The rest of the week we didn’t venture far from the house of the amazing WarmShowers host we stayed with. But when we did, the city looked more like we expected – bustling with cars and motorbikes. But a very weird way to arrive!

Our WarmShowers hosts looked after us for a couple of days and helped us out a lot (from providing bike boxes in a city that doesn’t seem to do boxes to entertaining us, helping us with directions and dropping us at the airport!). When we weren’t packing the bikes away into tiny bike boxes (who knew you can fit the huge bikes we have into kids bike boxes – it’s just a matter of dismantling more and more until they fit), or packing our bags for the plane, we were talking about bike trips (and all sorts of other topics, including playing with a cool Lego trainset…).

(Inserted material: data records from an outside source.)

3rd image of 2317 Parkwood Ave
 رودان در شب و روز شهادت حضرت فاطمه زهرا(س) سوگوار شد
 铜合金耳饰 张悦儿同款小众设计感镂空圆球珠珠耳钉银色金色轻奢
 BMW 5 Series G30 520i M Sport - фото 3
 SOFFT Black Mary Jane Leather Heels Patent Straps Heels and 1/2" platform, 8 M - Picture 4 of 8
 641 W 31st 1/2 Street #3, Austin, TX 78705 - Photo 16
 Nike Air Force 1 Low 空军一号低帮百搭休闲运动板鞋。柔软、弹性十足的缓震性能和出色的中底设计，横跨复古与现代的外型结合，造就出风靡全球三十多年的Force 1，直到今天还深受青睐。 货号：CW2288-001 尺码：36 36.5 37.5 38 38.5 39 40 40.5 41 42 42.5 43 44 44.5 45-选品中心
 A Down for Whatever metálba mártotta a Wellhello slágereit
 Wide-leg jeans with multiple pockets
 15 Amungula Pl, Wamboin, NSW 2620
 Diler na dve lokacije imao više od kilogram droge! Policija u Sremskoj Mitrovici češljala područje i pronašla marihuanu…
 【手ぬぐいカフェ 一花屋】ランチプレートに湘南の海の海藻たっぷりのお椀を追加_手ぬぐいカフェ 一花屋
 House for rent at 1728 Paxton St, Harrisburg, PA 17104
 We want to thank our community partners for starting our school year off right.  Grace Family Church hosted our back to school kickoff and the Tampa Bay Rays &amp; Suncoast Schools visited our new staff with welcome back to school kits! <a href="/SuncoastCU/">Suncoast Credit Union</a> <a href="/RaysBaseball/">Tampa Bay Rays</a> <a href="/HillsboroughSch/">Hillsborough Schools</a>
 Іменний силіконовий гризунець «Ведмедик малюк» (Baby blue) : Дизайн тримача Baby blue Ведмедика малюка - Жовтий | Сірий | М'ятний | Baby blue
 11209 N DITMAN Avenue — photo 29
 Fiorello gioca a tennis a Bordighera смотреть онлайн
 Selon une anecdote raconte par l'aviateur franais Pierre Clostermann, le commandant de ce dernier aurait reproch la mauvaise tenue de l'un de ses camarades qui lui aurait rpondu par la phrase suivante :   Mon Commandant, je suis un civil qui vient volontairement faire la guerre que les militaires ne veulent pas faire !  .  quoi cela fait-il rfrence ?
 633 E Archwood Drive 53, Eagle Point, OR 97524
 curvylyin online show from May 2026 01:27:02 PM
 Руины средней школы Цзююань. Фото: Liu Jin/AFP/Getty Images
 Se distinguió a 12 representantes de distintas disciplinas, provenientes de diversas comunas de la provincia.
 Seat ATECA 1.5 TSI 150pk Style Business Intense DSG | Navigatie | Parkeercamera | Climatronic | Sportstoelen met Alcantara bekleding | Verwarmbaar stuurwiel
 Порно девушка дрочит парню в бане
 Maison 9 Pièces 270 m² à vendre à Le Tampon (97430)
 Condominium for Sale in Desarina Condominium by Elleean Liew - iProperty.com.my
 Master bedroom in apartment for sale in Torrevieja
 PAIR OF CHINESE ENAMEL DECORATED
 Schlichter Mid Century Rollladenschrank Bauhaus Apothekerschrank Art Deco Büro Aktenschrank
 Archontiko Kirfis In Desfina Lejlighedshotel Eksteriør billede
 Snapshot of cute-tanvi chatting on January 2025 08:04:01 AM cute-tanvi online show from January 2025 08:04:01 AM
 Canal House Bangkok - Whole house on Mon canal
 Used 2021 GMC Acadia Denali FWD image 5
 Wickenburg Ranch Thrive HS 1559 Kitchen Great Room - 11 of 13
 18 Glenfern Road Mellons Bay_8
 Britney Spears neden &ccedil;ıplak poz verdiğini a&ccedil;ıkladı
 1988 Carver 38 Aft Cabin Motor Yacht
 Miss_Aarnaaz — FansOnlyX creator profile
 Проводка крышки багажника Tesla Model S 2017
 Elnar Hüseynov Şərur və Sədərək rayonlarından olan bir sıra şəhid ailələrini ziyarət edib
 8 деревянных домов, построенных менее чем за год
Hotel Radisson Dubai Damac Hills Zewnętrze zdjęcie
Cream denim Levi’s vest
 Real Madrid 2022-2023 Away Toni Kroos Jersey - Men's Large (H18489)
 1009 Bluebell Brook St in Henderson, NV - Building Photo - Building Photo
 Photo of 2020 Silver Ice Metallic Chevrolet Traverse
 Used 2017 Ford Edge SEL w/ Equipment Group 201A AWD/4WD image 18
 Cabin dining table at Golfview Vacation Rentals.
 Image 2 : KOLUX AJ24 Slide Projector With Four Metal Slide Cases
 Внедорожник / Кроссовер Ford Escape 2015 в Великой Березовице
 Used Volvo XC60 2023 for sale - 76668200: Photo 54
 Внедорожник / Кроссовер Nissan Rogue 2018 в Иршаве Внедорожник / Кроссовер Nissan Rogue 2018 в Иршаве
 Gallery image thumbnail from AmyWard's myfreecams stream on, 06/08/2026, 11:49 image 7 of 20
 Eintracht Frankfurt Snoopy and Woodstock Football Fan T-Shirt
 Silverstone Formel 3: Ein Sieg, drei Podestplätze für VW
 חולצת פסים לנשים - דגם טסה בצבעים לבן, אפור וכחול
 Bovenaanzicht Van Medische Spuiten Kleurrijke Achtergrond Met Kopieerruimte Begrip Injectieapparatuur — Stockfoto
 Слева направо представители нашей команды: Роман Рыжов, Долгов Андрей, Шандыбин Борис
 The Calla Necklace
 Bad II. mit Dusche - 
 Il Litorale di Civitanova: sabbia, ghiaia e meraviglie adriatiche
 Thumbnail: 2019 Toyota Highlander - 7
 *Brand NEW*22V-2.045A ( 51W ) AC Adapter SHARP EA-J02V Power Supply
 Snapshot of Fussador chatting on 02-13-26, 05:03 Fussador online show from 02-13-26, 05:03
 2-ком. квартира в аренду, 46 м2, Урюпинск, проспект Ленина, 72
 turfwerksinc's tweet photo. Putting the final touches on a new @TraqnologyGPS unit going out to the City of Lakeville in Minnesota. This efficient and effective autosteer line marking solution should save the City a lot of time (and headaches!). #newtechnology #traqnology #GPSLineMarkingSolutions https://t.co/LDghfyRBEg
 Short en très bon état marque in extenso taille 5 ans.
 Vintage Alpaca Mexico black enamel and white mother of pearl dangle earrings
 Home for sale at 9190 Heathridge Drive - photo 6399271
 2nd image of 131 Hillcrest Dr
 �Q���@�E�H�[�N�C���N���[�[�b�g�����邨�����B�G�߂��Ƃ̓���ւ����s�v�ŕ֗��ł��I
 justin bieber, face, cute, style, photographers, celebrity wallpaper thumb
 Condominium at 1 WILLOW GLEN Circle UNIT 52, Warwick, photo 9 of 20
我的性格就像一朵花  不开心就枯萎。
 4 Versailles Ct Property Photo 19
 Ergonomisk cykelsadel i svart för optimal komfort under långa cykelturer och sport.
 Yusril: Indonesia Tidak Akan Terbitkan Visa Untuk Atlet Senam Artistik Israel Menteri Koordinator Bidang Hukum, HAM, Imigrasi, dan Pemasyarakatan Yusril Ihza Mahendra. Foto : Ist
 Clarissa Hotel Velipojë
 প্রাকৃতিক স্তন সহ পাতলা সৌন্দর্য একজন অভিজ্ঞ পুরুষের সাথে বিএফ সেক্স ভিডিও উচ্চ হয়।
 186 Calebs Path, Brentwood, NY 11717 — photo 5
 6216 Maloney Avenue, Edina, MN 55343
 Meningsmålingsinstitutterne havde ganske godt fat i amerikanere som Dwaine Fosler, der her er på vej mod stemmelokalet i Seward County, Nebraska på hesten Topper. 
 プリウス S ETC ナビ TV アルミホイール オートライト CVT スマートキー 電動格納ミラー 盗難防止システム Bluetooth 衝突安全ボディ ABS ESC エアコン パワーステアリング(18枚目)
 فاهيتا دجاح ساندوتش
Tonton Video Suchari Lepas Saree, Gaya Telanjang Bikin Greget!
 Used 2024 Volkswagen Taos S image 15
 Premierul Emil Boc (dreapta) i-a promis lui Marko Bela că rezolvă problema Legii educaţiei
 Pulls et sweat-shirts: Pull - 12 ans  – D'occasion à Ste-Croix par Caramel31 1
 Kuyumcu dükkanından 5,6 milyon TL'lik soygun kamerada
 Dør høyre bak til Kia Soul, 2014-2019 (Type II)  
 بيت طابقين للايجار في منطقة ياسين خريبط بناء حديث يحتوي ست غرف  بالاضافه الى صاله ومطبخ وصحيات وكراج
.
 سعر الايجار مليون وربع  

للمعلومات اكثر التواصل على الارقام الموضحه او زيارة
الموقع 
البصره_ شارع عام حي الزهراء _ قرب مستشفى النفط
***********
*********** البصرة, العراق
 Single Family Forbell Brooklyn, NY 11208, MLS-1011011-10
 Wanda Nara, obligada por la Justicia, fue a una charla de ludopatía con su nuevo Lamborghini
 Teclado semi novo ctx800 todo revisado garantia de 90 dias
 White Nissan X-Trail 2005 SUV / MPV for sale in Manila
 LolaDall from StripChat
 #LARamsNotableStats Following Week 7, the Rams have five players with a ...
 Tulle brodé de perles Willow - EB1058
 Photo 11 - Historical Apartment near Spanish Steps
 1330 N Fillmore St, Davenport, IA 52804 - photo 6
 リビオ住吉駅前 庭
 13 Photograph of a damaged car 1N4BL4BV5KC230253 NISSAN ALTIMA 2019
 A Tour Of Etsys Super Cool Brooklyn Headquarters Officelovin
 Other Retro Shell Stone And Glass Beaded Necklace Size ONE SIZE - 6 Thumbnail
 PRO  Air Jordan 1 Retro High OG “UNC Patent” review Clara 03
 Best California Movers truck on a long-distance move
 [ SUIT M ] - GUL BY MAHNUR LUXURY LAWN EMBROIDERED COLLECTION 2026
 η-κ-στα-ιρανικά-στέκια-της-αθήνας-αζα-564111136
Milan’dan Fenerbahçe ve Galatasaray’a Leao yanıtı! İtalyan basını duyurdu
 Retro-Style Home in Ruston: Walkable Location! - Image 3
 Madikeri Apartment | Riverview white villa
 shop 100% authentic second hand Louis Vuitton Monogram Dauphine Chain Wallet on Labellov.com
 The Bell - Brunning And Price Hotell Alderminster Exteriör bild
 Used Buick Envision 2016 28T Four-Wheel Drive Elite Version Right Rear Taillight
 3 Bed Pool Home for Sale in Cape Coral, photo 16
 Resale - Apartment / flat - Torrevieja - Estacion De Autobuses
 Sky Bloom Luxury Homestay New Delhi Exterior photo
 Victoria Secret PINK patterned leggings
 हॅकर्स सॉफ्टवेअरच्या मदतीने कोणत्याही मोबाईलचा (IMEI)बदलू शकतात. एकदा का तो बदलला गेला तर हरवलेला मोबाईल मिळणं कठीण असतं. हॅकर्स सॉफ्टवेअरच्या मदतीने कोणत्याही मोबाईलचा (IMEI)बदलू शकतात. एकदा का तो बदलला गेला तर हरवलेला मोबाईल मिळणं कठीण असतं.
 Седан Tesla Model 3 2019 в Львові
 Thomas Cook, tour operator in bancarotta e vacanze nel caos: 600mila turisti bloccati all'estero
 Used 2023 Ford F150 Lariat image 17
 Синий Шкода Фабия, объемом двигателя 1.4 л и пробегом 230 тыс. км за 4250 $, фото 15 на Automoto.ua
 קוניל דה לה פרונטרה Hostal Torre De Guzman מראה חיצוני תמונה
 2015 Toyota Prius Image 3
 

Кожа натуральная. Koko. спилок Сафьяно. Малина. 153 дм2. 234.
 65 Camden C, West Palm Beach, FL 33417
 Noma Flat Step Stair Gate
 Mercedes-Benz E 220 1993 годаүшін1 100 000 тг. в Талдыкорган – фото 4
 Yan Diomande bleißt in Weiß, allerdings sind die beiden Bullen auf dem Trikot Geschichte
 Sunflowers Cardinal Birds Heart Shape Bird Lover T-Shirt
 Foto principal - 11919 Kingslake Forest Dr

The family had cycled form Europe to Japan the year before and were only a few months into living in Kigali, so their trip and stories were still quite fresh. Imagine riding across the world with two kids under ten, who both rode their own bikes! They had just moved into their new home and it looks like there are still a few things to learn (including having a thief steal almost everything that wasn’t nailed down from just outside their bedroom window - including a car battery and charger - on the morning of our departure). Wonder where the security guard was… It wasn’t until we were in the airport that we thought about it and realised our, unlocked, bikes were right next to everything that was stolen. It was bad enough for the family, but that might have upset our plans a bit if they’d taken our bikes as well. We dodged a bullet there.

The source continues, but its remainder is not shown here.